Today’s volatile market environment tasks financial professionals with the challenge of providing their clients with education and advice that makes sense to all walks of life. Financial professionals work hard to provide you with the best financial picture for you, no matter what market challenges are out there. As they focus on your financial situation, you may want to take the time to consider how this economic uncertainty affects your children, who have yet to start or are just beginning to learn about money.

Important economic lessons can be learned from this recession. If you consider the drastic financial events that have occurred over that past two years, the low level of confidence among investors has many people realizing just how important it is to save and to develop that mindset early in life. There is no better time and place to start than with young children. Promoting financial literacy, an area of weakness with young people, is essential.

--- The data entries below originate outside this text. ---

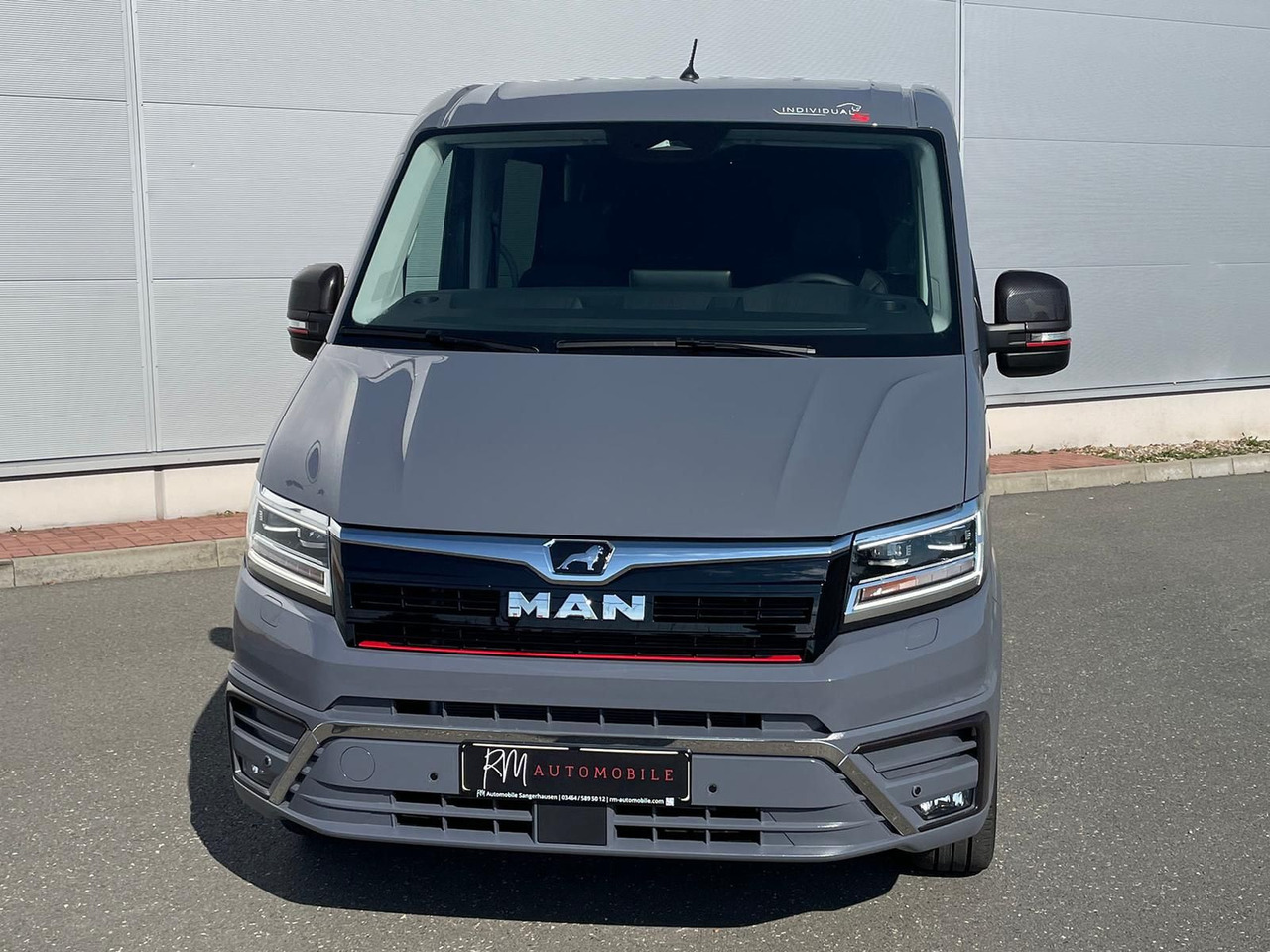 MAN TGE 3.200 L3H2 MIXTO 4x4 Individual S ACC STANDH - Kastenwagen, Transporter mit Doppelkabine: das Bild 4 MAN TGE 3.200 L3H2 MIXTO 4x4 Individual S ACC STANDH - Kastenwagen, Transporter mit Doppelkabine: das Bild 4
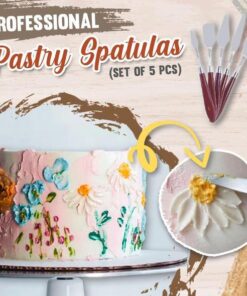 Professional Pastry Spatulas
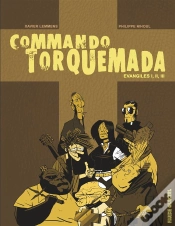 Capa do artigo Commando Torquemada T.1
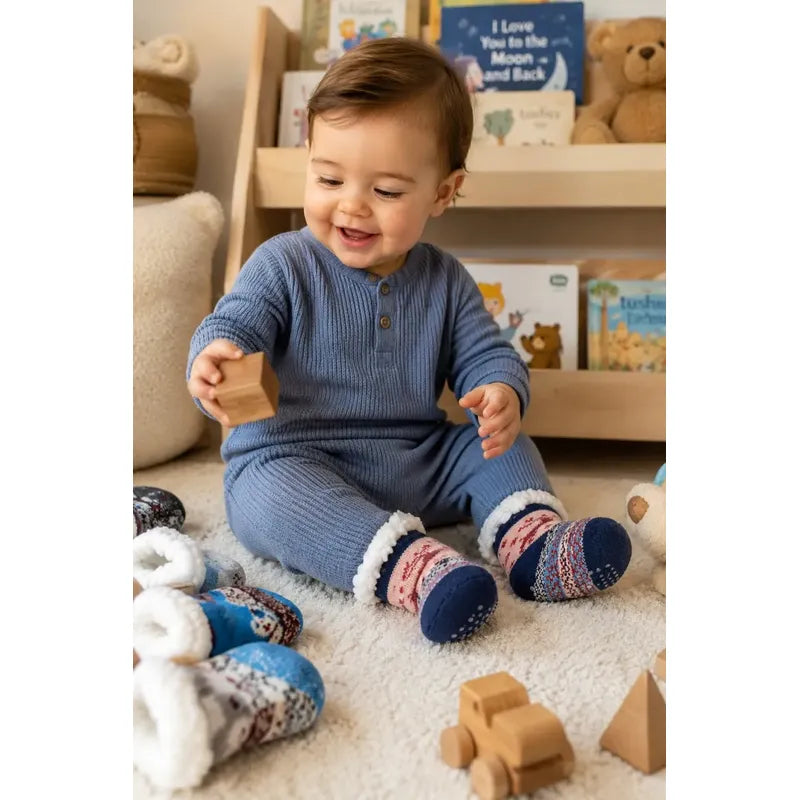 X2 Calcetines De Invierno Para Bebes Chiporro Frio Térmicas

Teaching young people money management isn’t typically at the top of a parent’s “to do” list, but in a society where all people including young children are constantly enticed to spend, it is more important than ever to take the time to educate them. The current economy makes for a perfect backdrop to have these discussions. One of the best ways to teach a child about the value of money is to allow them to have and control their own. This opens up a discussion about saving their money to buy what they really want in the future, versus buying something on impulse. Below are a few lessons to teach:

  • The time it takes to earn money.
  • Set the expectation that they will not always be given what they want when they want it.
  • The monetary value and opportunity cost of saving versus spending.

It is also important to teach young people simple accounting methods such as keeping records of money saved, invested, spent or borrowed. This way they can see where their money is going and how well they are managing it. Lastly, allow young people to make their own decisions about how they want to spend their money, whether the decision is a sound one or not. By giving them the freedom to choose what they purchase, it can open up a discussion about the decisions made and whether or not they were appropriate. This discussion should lead to the use of common sense when making a buying decision, such as doing research, waiting for a sale or price reduction, and avoiding impulse purchasing by thinking about the decision over night.

All adults teach their children differently about money. How you do it is up to you. The key is to make sure they are learning about money in a logical manner and to make responsible decisions concerning its use.